- Retirement Presentation with a model figure dressed in the pressure suit Grimshaw designed
- Born: 6 August 1904 Hanover Square
- Died: 16 December 1987 (aged 83) Surrey

= Helen Grimshaw =

British aeronautical engineer and pioneering G-force-pressure suit designer

Helen Grimshaw OBE (6 August 1904 – 16 December 1987) was a British aeronautical engineer and pioneering G-force-pressure suit designer.
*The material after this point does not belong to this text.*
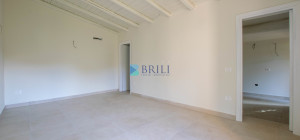 Renovated apartment 200 meters from the sea with a large private garden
==Early life and education==
Helen Grimshaw was born in Hanover Square, London, but grew up in Surrey. Grimshaw was the daughter of a civil engineer and educated at the Francis Holland School. She attended the University of London in 1924, where she studied civil engineering, graduating in 1930 with a BSc (Special) Engineering. She was the first woman to apply to and join the Institution of Civil Engineers as a student on 13 January 1925 and became an associate member the following year. Grimshaw graduated from University College London in 1930 with a BSc (Special) Engineering and returned for another year to get practical training in the engineering workshops. She completed her PhD there in 1936.

==Career==
Grimshaw spent her career working at the Royal Aircraft Establishment (RAE) Farnborough. She joined them in 1937 in the instrumentation department working on de-icing equipment, oxygen equipment, pressure suits and the flight testing of instruments and other safety equipment. She worked on the team to achieve the world altitude record with Flight Lieutenant M.J. Adam in the Bristol Type 138. Grimshaw took over the flight test programme in 1941. The team worked on parachute development. She worked on manuals for the safe use of gliders. She was offered the opportunity of flying lessons and in 1947 she made a solo flight in a twin-engined Oxford.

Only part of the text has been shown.